From 1960s to 1970s, when Kabuki was in its postwar prime, new movements emerged one after another. Especially, recognition of the importance of the original Kabuki style spread, which tended to be underestimated during and after the Meiji period. In 1965, Kabuki received the overall designation as an important intangible cultural property, whose holder is the Organization for the Preservation of Kabuki, and National Theater opened, and moreover, performances, such as the whole play of revived Kyogen, went well. After that, there was the opening of the Osaka Shochiku-za Theater in Osaka, which was remodeled from a movie theater, and the Hakata-za Theater in Fukuoka, so Kabuki performances became more prosperous. And moreover, the third "Ennosuke ICHIKAWA" energetically performed revived Kyogen, into which he fully reintroduced the factors of Keren that were once despised; Ennosuke sought to improve Kabuki as the theater, so he tried a much more boldly staged Kabuki, called Super Kabuki. Recently, some trials were also made, such as Cocoon Kabuki by the eighteenth Kanzaburo NAKAMURA, the performances of Heisei Nakamura-za Theater, and the Kabuki revival project in Kansai area by the fourth "Tojuro SAKATA" and others. We could say these activities also pursued the original style of Kabuki & its modern innovation at the same time. Even in direction, modern theater directors, such as "Hideki NODA," "Yukio NINAGAWA," "Kazumi KUSHIDA," "Koki MITANI" and "Efu WAKAGI," were invited, thereby adding the modern theater flavor to Kabuki performances.
Kabuki performances today are not entirely the same as those during the Edo period, which is simply exemplified by the theater facilities in each time. Under this change, the Kabuki community continues to try performing Kabuki as a modern drama while placing the long-established traditional performance style at its center. These performance activities earn Kabuki a good reputation as the traditional performing arts living in today's world.
The Organization for the Preservation of Kabuki
The corporation of the Organization for the Preservation of Kabuki is a group of members who are the most highly-skilled of all people involved in Kabuki. The group holds the overall designation as the important intangible cultural property. The number of its active members as of October 25, 2007, is 162. Well-known members include the eighteenth Kanzaburo NAKAMURA & the eleventh "Ebizo ICHIKAWA."
For details, please refer to the article of "Shiroto Kabuki" (amateur Kabuki).

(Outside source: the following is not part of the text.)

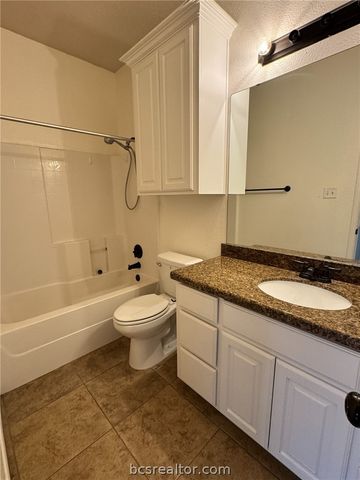3807 Silverthorne, College Station, TX 77845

In addition to the plays by the expert performers, local residents all over Japan perform plays in the name of, for example, the festival ritual dedicated to a god, following the tradition from the Edo period. These plays are called "Jishibai," and in most cases, their content is either Kabuki or Ningyo Joruri. In Kabuki, various plays exist, such as Farmers' Kabuki, performed in farming areas, and the play on a Hikiyama festival float, performed in urban areas' Hikiyama-matsuri Festival. Many Jishibai programs overlap with those of expert performers, which indicates that Jishibai is strongly influenced by the experts' performances. But there also exist some originally developed performances, including those having their own original programs.
Kabuki is difficult for today's Japanese to understand when they see the play for the first time, so it is said that they can understand Kabuki more deeply and more easily if they check out the story's content beforehand.